Homolytic vs heterolytic paths in the photochemistry of haloanilines

J Am Chem Soc. 2003 Oct 29;125(43):13182-90. doi: 10.1021/ja036000r.

Abstract

The photochemistry of 4-haloanilines and 4-halo-N,N-dimethylanilines has been studied in apolar, polar aprotic, and protic solvents. Photophysical and flash photolysis experiments show that the reaction proceeds in any case from the triplet state. It is rather unreactive in apolar media, the highest value being Phi = 0.05 for the iodoanilines in cyclohexane.

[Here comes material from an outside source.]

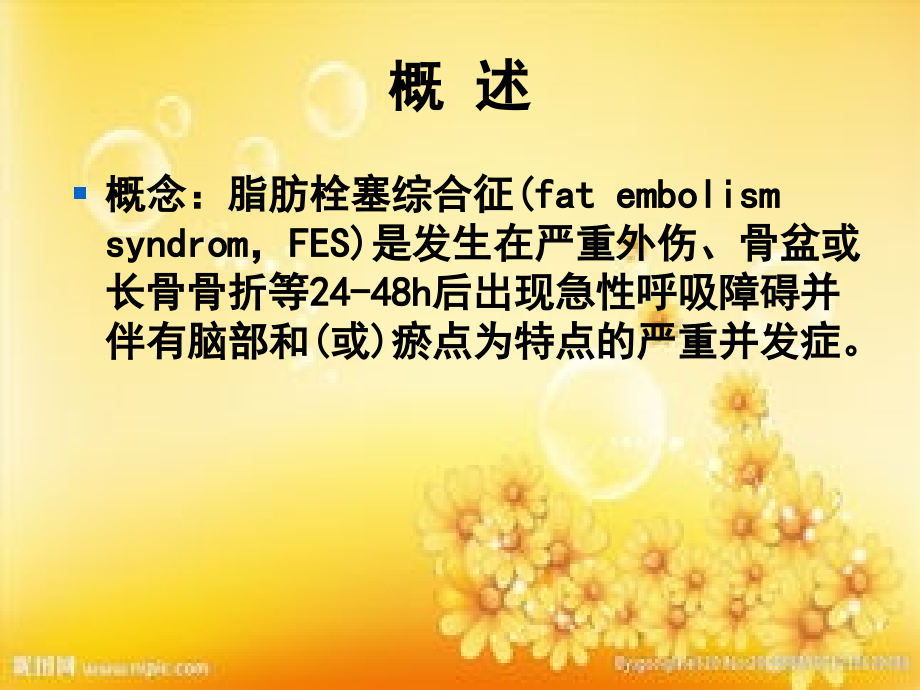脂肪栓塞综合征-(2).ppt_第2页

Changing the solvent has little effect for iodoanilines and for the poorly reacting bromo analogue, while it leads to a variation of over 2 orders of magnitude in the quantum yield for the chloro and fluoro derivatives. The triplets have been characterized at the UB3LYP/6-31G(d) level of theory, evidencing a deformation and an elongation (except for C-F) of the C-X bond. Homolytic fragmentation is in every case endothermic, but calculations in acetonitrile solution show that heterolytic cleavage of C-Cl and C-Br is exothermic. Experimentally, the occurrence of heterolytic fragmentation has been monitored through selective trapping of the resulting phenyl cation by allyltrimethylsilane. Heterolytic dechlorination occurs efficiently in polar media (e.g., Phi = 0.77 in MeCN), while debromination remains ineffective due to the short lifetime of the triplet. Heterolytic defluorination is efficient only in protic solvents (Phi = 0.48 in MeOH), in accord with calculations showing that in the presence of an ancillary molecule of water fragmentation is exothermic due to the formation of the strong H-F bond. The energy profile for both homo- and heterolytic dissociation paths has been mapped along the reaction coordinates in the gas phase and in acetonitrile. The conditions determining the efficiency and mode of dehalogenation have been defined. This is significant for devising synthetic methods via photogenerated phenyl cations and for rationalizing the photodegradation of halogenated aromatic pollutants and the phototoxic effect of some fluorinated drugs.